Walton symphony n 1 lpo bryden thomson

Bryden Thomson (16 July 1928 – 14 November 1991) was a Scottish conductor remembered especially for his championship of British and Scandinavian composers. His recordings include influential surveys of the orchestral music of Hamilton Harty and Arnold Bax. He was principal conductor of several British orchestras, including the Ulster Orchestra, which flourished under his tenure.


Ulster orchestra conducted by bryden thomson playing finlandia by sibelius

Early life and studies

Bryden ("Jack") Thomson was born in Ayr and grew up playing the violin and cello. Soon after entering the Royal Scottish Academy of Music in Glasgow on a scholarship at the age of 15, he was called up to serve in the Highland Light Infantry, where he played the piano in the regimental band and taught himself the clarinet. After the war, he returned to his studies at the Royal Scottish Academy of Music. In 1954 he moved to Germany to study conducting, first with Hans Schmidt-Isserstedt at the newly founded Hochschule für Musik in Hamburg, and then with Igor Markevitch at the Mozarteum University of Salzburg.
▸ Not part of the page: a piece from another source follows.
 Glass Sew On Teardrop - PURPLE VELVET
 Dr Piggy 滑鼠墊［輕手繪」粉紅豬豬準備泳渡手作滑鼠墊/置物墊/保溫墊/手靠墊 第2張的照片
Following a post as assistant conductor of the BBC Scottish Orchestra (1958–1962), Bryden Thomson held posts as principal conductor of several British orchestras, including the BBC Northern Symphony Orchestra (1968–1973), the BBC Welsh Symphony Orchestra (1978–1982) and the Ulster Orchestra (1977–1985). Between 1984 and 1987 he was principal conductor of the Irish RTÉ Symphony Orchestra. He was also briefly chief conductor of the Royal Scottish National Orchestra (1988–1990), being only the second Scotsman to hold that post.

As an opera conductor, Thomson also worked with the Norwegian National Opera and Ballet, the Royal Swedish Opera and the Scottish Opera.

Thomson was a committed interpreter of British music. He helped revive the popularity of the music of Arnold Bax by making an extensive series of CD recordings for Chandos Records (with the Ulster orchestra and the London Philharmonic Orchestra), including many of the tone poems and an acclaimed cycle of the symphonies. He did a similar service for the music of Irish composer Hamilton Harty by recording the collected orchestral works with the Ulster Orchestra, again for Chandos. He also set down with Chandos well received series of recordings of orchestral music by Vaughan Williams and Walton. Other British composers he championed include Alun Hoddinott, Daniel Jones, Kenneth Leighton, Thomas Wilson and Grace Williams.

A cycle of Martinu symphonies recorded with the Scottish National Orchestra between 1989 and 1990 has been critically praised. Thomson also cultivated a keen interest in Nordic composers such as Holmboe, Nielsen, Sallinen and Sibelius. His interpretations of Nielsen have been much admired, including a recording of the Symphony No. 4 and Symphony No. 6 with the Royal Scottish National Orchestra, which turned out to be his last recording.

Personal life and legacy

Thomson died of cancer in Dublin. In 2003 his widow, Mary Ellison Thomson, bequeathed his collection of scores to the National Library of Ireland, and in 2008 she set up the Bryden Thomson Trust in support of young conductors.